Gazette Daily News Briefing, November 2
This is Stephen Schmidt from the Gazette Digital News Desk, and I’m here with your update for November 2, 2023.
According to the National Weather Service Thursday will be mostly sunny in the Cedar Rapids area, with a high near 52 degrees. On Thursday evening there will be increasing clouds with a low of around 37 degrees.
Red Star Yeast Company in Cedar Rapids has agreed to pay a $37,705 fine and buy local first responders $35,864 in equipment as part of a settlement with the U.S. Environmental Protection Agency over hazardous waste violations.
On Jan. 23, EPA inspectors visited the Red Star plant at 950 60th Ave. SW and found three 10,000-gallon tanks of hazardous waste, including one that held selenium-contaminated sludge and two others labeled as “hazardous waste,” according to the consent decree the EPA provided to The Gazette. Selenium is an ingredient added to nutritional yeast.
The fire department and hazmat team prepared a list of equipment that would help in their responses to hazardous waste or other chemical incidents and Red Star submitted that to the EPA as part of a supplemental environmental project. Red Star has 60 days from Oct. 23 to purchase the gear.
Oral-B Laboratories has agreed to buy Kirkwood Community College’s Iowa City campus for $6.4 million — pending 120 days of performing “due diligence” on the deal.
That pending sale, made Aug. 10 for the 6.3 acres at 1816 Lower Muscatine Rd., is about $625,000 under Kirkwood’s asking price of nearly $7 million, according to a Realty.com advertisement promoting the property as a “hard to find” large parcel in “highly-sought after Iowa City.”
In 2018, Procter & Gamble announced it would move its shampoo, conditioner and body wash product lines out of Iowa City — and eliminate hundreds of local jobs as a result.
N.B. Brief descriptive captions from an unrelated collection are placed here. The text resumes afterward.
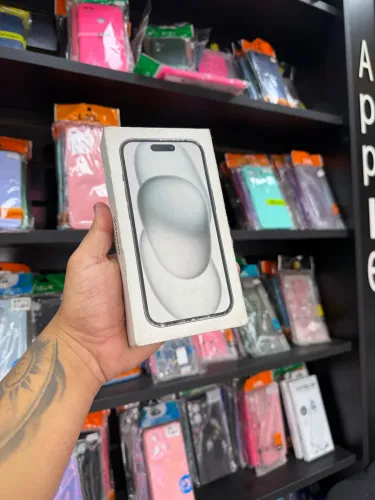iPhone 15 lacrado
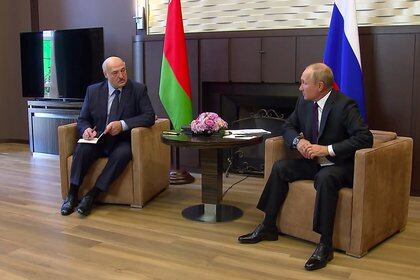 El jefe de Estado de Bielorrusia, Alexander Lukashenko, viajó a Rusia para reunirse con Vladimir Putin en el marco de las protestas que han puesto en jaque su presidencia y fueron catalizadas por un proceso electoral considerado fraudulento por la oposición y parte de la comunidad internacional. Foto: Poder Ejecutivo de Rusia via Reuters
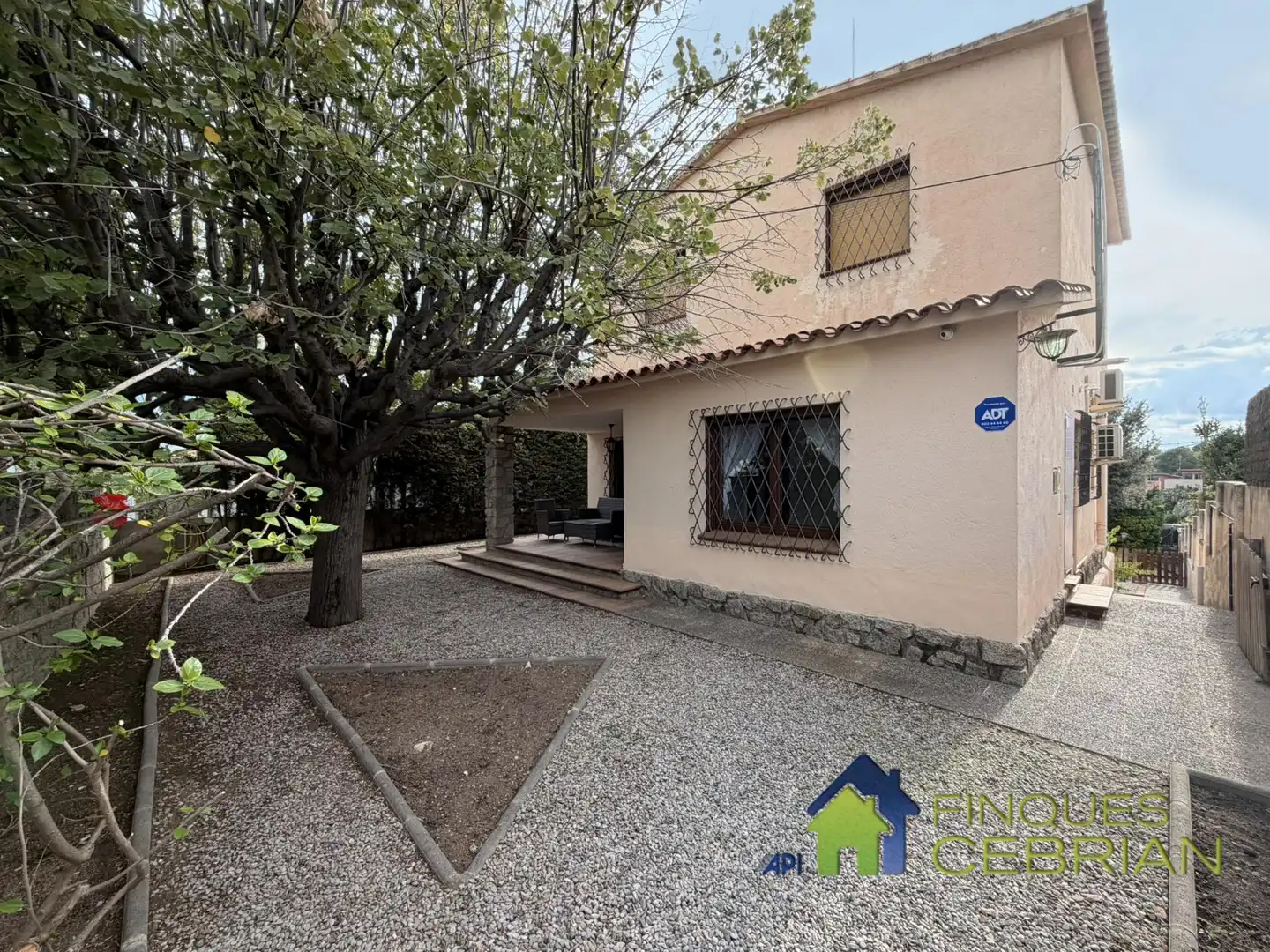 Exterior view of Houses for rent in Alella, Barcelona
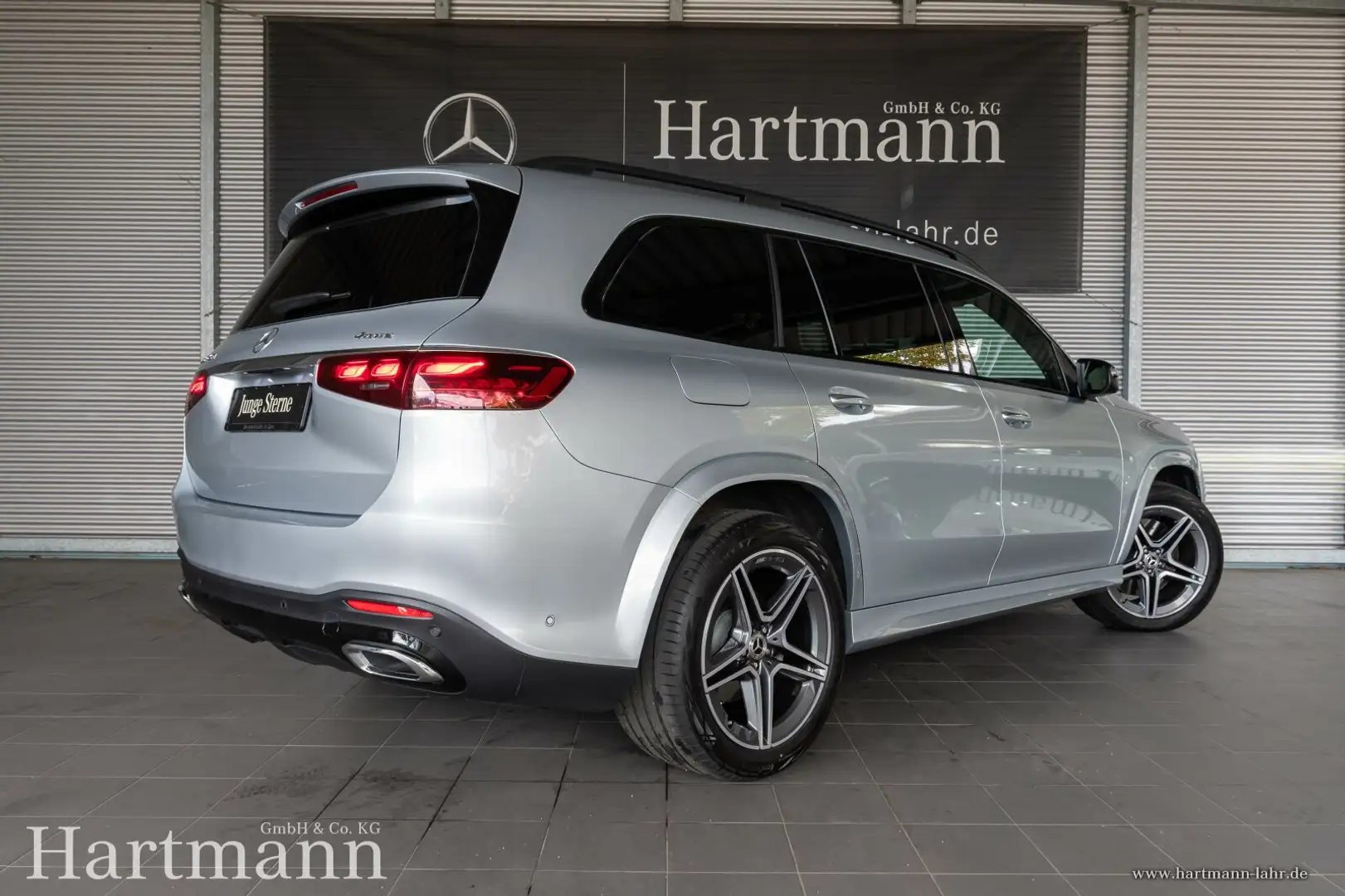 Mercedes-Benz GLS 450 GLS 450 d 4M AMG KeyGo Sitzklima Fahrassistenz Silber - 2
But then two years later, it said it would keep the product lines here after all. Its oral care lines, including Oral B, were not affected under the plans.
In January, Kirkwood announced it was going to sell the 32-year-old campus Former Kirkwood President Lori Sundberg said the move was made to cut costs and consolidate offerings as community colleges face challenges in adapting to the changing educational landscape.
Longtime Iowa head football coach Kirk Ferentz intends to continue coaching beyond the 2023 season, he clarified Wednesday evening on his weekly radio show.
“I hope to keep doing this for quite a while,” Ferentz said. “I’ve always loved being here. … Until they tell me to sit down, I’ll probably keep going.”
The longtime coach’s future came into question after interim athletics director Beth Goetz announced on Monday her intention to not retain offensive coordinator Brian Ferentz after the 2023 season.
Ferentz said on his radio show Wednesday he was “not trying to intentionally cause celebration for some people that would love to see me go start a stamp collection or go birdwatching.”
“That was not the intent,” Ferentz said Wednesday. “The intent was to try to steer this thing back to what is important right now.”